To elucidate the underlying protective mechanisms of PRO, we assessed its impact on CLP sepsis-triggered inflammation and tissue injury. In agreement with our previous report (4), experimental sepsis markedly elevated blood levels of G-CSF, MIP-2 and sTNFR1 ( Figure 4B ). In contrast to DM-β-CD vehicle, which did not affect sepsis-triggered systemic accumulation of any cytokines or chemokines, PRO-carrying DM-β-CD nanoparticles significantly reduced sepsis-triggered elevation of MIP-2 and sTNFRI ( Figure 4B ). Furthermore, in contrast to DM-β-CD vehicle, which did not affect sepsis-triggered release of liver enzymes (such as AST) or other general tissue injury markers such as LDH, PRO-carrying DM-β-CD nanoparticles significantly reduced the levels of AST and LDH in septic animals ( Figure 4C ), suggesting that PRO-entrapping DM-β-CD nanoparticles protect mice against infections partly by suppressing sepsis-mediated dysregulated inflammation and tissue injury.

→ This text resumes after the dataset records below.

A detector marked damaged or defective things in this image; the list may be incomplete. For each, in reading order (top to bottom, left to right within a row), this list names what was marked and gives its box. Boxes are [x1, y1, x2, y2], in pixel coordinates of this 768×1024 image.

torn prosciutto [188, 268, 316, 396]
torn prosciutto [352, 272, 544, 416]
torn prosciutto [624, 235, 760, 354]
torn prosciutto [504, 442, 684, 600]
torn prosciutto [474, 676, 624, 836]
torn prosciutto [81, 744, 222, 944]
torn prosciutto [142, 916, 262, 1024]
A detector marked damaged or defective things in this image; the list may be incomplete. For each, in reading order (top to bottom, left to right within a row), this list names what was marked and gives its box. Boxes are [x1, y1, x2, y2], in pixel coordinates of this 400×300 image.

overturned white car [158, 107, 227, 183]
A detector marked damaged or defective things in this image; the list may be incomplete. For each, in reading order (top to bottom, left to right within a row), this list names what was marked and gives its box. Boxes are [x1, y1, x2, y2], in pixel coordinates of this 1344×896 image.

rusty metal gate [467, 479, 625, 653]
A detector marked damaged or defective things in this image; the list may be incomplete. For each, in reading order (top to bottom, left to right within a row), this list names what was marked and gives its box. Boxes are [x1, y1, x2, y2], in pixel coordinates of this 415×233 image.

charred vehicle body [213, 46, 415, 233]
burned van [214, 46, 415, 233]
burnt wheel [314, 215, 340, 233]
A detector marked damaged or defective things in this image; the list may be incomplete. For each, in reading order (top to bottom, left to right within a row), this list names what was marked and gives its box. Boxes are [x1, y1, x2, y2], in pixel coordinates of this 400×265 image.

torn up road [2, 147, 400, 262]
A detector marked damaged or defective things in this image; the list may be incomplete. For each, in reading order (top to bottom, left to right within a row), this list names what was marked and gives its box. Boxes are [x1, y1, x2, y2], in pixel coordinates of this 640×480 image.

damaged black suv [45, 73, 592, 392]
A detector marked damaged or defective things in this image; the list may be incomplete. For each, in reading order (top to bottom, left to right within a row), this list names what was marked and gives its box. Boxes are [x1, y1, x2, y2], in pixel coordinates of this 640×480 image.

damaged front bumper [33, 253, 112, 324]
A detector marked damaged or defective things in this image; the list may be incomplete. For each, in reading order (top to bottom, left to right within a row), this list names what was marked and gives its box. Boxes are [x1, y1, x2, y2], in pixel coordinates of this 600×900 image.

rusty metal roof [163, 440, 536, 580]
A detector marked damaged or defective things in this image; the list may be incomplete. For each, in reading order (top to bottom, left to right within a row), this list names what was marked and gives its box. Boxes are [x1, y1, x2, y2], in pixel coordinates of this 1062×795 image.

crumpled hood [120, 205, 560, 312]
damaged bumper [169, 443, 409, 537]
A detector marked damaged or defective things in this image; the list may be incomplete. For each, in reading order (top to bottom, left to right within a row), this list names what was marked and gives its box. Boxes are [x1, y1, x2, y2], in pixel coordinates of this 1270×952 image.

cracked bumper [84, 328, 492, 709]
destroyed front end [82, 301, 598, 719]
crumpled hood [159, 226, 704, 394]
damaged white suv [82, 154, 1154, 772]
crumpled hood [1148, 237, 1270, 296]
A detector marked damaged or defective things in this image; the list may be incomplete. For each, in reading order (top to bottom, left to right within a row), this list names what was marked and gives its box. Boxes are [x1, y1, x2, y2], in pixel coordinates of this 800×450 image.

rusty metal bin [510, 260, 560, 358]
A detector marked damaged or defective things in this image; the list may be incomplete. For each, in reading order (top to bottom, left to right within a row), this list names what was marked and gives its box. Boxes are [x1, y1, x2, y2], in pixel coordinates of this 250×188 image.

To gain further insight into PRO’s protective mechanisms, we examined the possible interaction and relationship between systemic accumulation PRO and pCTS-L in clinical sepsis. SPR analysis revealed a strong interaction between PRO and pCTS-L, as evidenced by the relatively low equilibrium dissociation constant (KD, Figure 5A ) for PRO-pCTS-L interaction, suggesting that PRO might bind pCTS-L to inhibit its proinflammatory properties under pharmacological conditions. In agreement with previous findings of a marked (1 - 5 folds) elevation of blood PRO levels in septic animals (31) or patients with severe sepsis (32) or septic shock (33), we found a significant increase of serum PRO levels in septic mice ( Figure 5B ), as well as a parallel positive correlation with Sequential Organ Failure Assessment (SOFA, Supplementary Table 1 ) score and serum pCTS-L concentrations in patients with clinical sepsis ( Figure 5C ), confirming a possible progesterone upregulation as a potential protective mechanism against infections.